Out of the $16 trillion in notional debt we owe, more than 60% is owed to ourselves. According to the GAO and the U.S. Department of the Treasury, nearly $5 trillion of debt represents ‘investments’ made by trust funds like Social Security and Medicare. Another few trillion is owned by the Federal Reserve. And then any one of us who participates in a planned retirement program ‘invests’ heavily in these ‘assets’. When ‘debt ceiling’ tirades are unleashed in Washington, the public is being duped. On the right, we’re told that we should decrease revenue while on the left we’re told that we should care for the 99%. The fact is that neither left nor right is facing the facts: we don’t have an economy to pay for promises we made in 1935 and we don’t have a society that soars together. With interest rates maintained at record low rates, we have ALREADY defaulted on the Social Security, Medicare and Pension promise we’ve made.

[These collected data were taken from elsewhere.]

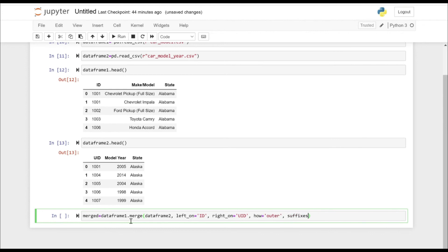Let's add suffixes as well, because we have state column common in both the data frames, just to know what state is coming from the left table and what state is coming from the right table.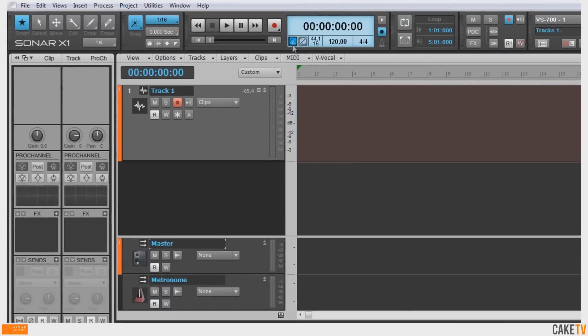To start recording, hit the Record button in the Transport section of the control bar or the letter R on the keyboard.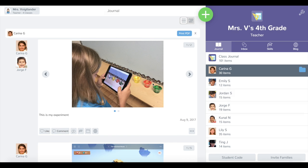Now here you can see the album in my student's journal. Students, teachers, and families will be able to view albums in the Seesaw app or on the Seesaw website.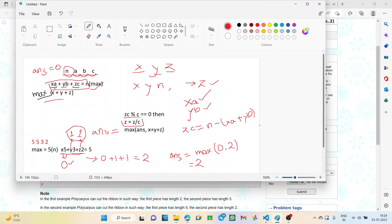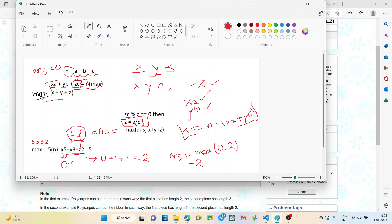From this equation, if we iterate the values of X and Y, then we can find out the value of ZC, because the values of A, B, C, and N are given. So ZC will clearly be N minus (XA + YB), and we can iterate the values of X and Y to find out Z. Then Z will be equal to ZC divided by C. Finally, to find out the maximum number of pieces, we just have to find the maximum of X + Y + Z — the total number of pieces.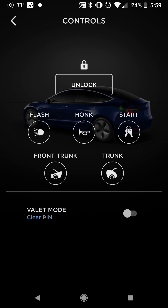Again, there's the remote keyless driving. Front trunk — oddly not called the frunk on here — and a trunk: open and close, or open only on the Model 3, and open and close on the Model S or X. Valet mode: you can enable valet mode from here, which limits the speed a valet can go, the amount of power they can accelerate at, and locks your glove box and your front trunk. So that's a good thing to have when you're not the one driving your car.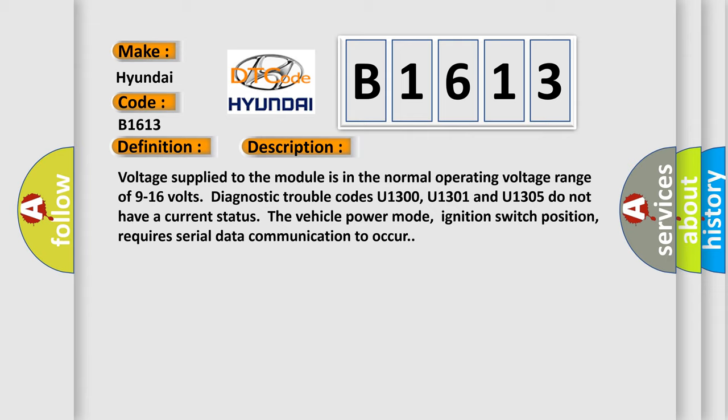Diagnostic trouble codes U1300, U1301 and U1305 do not have a current status. The vehicle power mode, ignition switch position, requires serial data communication to occur.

This is a problem that cannot be fixed using the current paradigm. Pumping more public expectations into a system that is hopelessly broken and broke just increases the scale of calamity. As a matter of policy, the yield on our investments is so low that we have forced the future into a lower standard of living, less liquidity, and a greater inability to pay for the life-styles to which many have become accustomed. And while this is not necessarily a negative on the global stage, the broken promises and the irrational responses that they engender are avoidable only if the public is informed today.
In 1966, the Endangered Species Preservation Act put in process the protection of the Bald Eagle so that we wouldn’t exterminate our national emblem and with it a piece of our identity. Six years later, the use of DDT was banned. Our industrial ‘progress’ took the estimated 100,000 nesting pairs of bald eagles in 1782 down to 487 in 1963 only to have it celebrated in its rebound to just under 10,000 today. We’re 1/10 the greatness we were when we started killing our national emblem, metaphorically.
Nearly 30% of America presently relies on an endangered entitlement with over 51% ultimately counting on it for a significant portion of their ultimate livelihood. We know today that the DDT-effect of our monetary policy is softening the nest eggs of this population to the point that they will not hatch when needed thereby harming our economy as a whole. We have chosen the individuated eagle metaphor at the expense of the security provided by the rookery of the vulture where the young are protected, the old are fed, and the generations share responsibility at the community level for their collective well-being.